Бетонная пыль не ложится в кадр. В гробу я видала все эти художественные приемы, все эти взрывы кадра, вибрацию камеры, сложные траектории, поры лица, взятые крупным планом, внезапный отъезд, внезапный наезд, прибывающий поезд, уходящий поезд, гудок уходящего поезда, Терезиенштадт семьдесят лет спустя, Ачхой-Мартан десять лет спустя, мерцание как метод, чеширский кот и вся эта бесконечная хрень – I don’t give a fuck. Пусть он рыдает и блюет в камеру, я не выключу. Я больше никогда не выключу. У меня хорошие учителя были.
Камера идет.
Как же ты говоришь… как же ты называешь меня по имени. Растягивая первый слог. Как же мне поверить.
Как же мне поверить-то, что никогда ты больше в меня не войдешь.
И катит, и катит море волны.
Как же ты говоришь… как же ты называешь меня по имени. Растягивая первый слог. Как же мне поверить.
Мир полон вещей, я даже не замечала никогда, что их так много.
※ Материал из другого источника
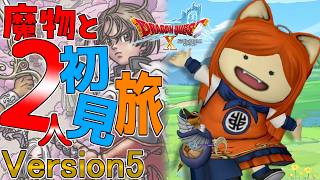 【#ドラクエ10】初見さん歓迎！！魔物と2人旅のんびり雑談しながらストーリーを進めていく！！【Vtuber / みけたん】#ドラゴンクエスト10 #DQX #DQ10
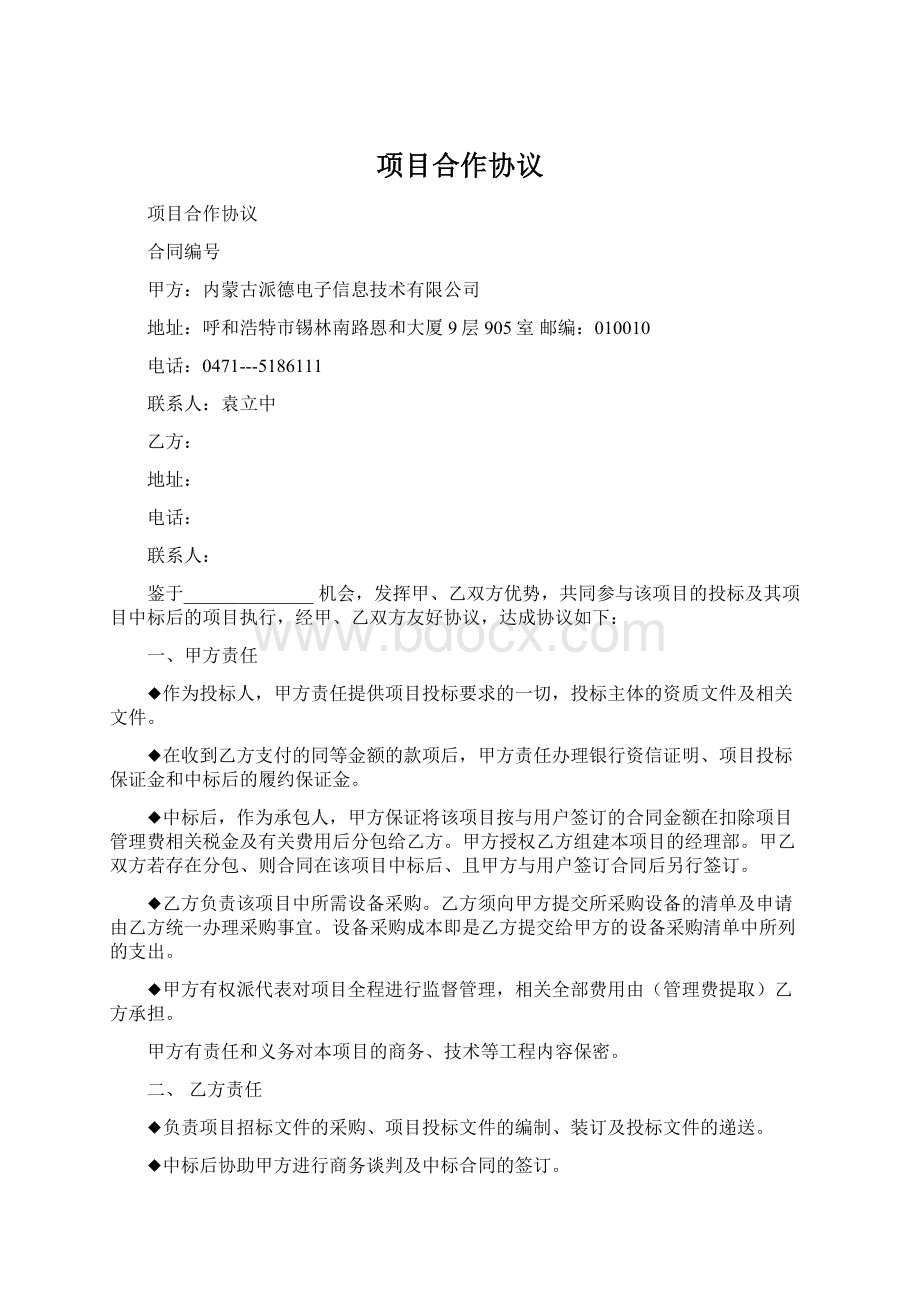 项目合作协议.docx_第1页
Я не открываю шкаф, не смотрю фотографии, но твоя клетчатая рубаха висит на стуле, твои кеды валяются в коридоре, твой дезодорант, твой запах рушится волной откуда угодно, я не могу предугадать, бабушка, гуляя в садике, мне говорит: «Не ругай Арика, что он разгильдяй, он зато такой верный», – пиво, которое ты любишь, мушмула, которую ты любишь, каждая наша ссора, бабушка умерла во сне – счастливейшей смертью, опять твой запах, музыка в твоем компьютере, бесконечная стройка во всему Тель-Авиву, ковши экскаваторов, раскаленные кожаные сиденья в автобусе, автомат узи, не дергайся, я обещала, я ничего не сделаю, хотя я не понимаю – но не дергайся, мы похоронили бабушку, и прямых обязательств не осталось, но не дергайся, просто объясни мне: почему? Почему нельзя?
От бабушки я ушла, от дедушки ушла, от серых волка и козлика, от зайца, от кого там еще, от лисы вообще легко ушла, не вопрос. От себя – хрен уйдешь.
А Левка говорит, что раз он айтишник, то ему сам бог велел не верить.
– Почему вы не оставляете жизни права на какие-то сюрпризы? Хаотичность, о которой вы говорите, имеет оборотную сторону: так же, как бессмысленно все рушится, так же может быть и выстроено что-то… что-то замечательное… что-то, что вас увлечет. Почему вы выносите окончательный вердикт именно на этой точке?
– Потому что мне дальше совсем неинтересно. Можете считать, что на этой точке у меня закончились силы верить. Но это не вполне корректное описание. Мне просто дальше по фигу.
Саша просит у адвоката бумажку и ручку и начинает составлять слова из слова «параксиальный»: листок быстро заполняется мелкими словами: парка, скала, спираль – короче пятибуквенных он не пишет, западло.